Want to support alternative energy? Money invested in IPO stock offerings goes to the company itself, minus a percentage for the dealmakers. Or send a contribution to any of a number of nonprofit alternative energy research organizations, which can use the funds directly without paying top salaries to Vice Presidents for Internet Marketing, or printing up those silly little green decals for you to paste on your car. You don’t really need a green decal, do you? If you do, you can download one from here for free. It’s worth exactly what you pay for it, which is as good as you get in this imperfect mortal world.
Finally, if you really want to get at the root of the problem, you know what it is. The same dollar that plants a tree and absorbs a ton of carbon over the course of 50 years, contributed to a family planning agency, can buy a poor woman in the developing world a year’s freedom from pregnancy. That’s one less child to cut down trees, burn firewood, consume food, and demand a lifestyle equal to yours, which puts 10-20 tons of carbon into the air every year. During that unpregnant year, the beneficiary of your charity can grow more food, take better care of herself and the children she already has, and maybe even plant trees. And if you help two women, or ten, stay unpregnant for a year, they might even start a microbusiness. Apply for a grant. Get a solar oven that doesn’t need to emit carbon dioxide to bake bread. Bake little cakes in the solar oven to sell to invading American "peacekeepers" for ridiculous prices, recycling Evile military dollars into Good working capital and maybe educating their daughters so that they have something to do with their lives other than have more children ...
Seriously.
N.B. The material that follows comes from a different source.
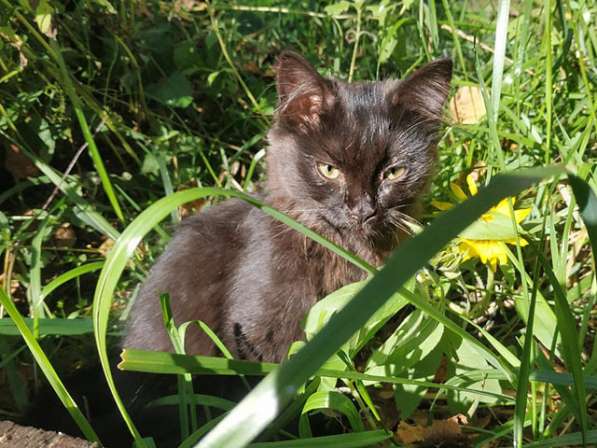 Маленькое чудо Яшенька,милейший черный котенок в добрые руки в Москве фото 5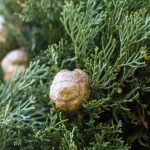 Cypress care: watering and fertilising for a vigorous growth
Formally purchasing carbon offsets is a good way to inject money into needed corners of the conservation and alternative energy markets and an excellent prelude to a real carbon tax for businesses and organizations that need third-party certification that they are paying their fair share of the costs they impose on the world. For individuals, there are a lot of ways to switch from being part of the problem, to becoming part of the solution. You don’t necessarily need an organization to certify that you did something. You can decide how you want to offset your own footprints. Just Do It.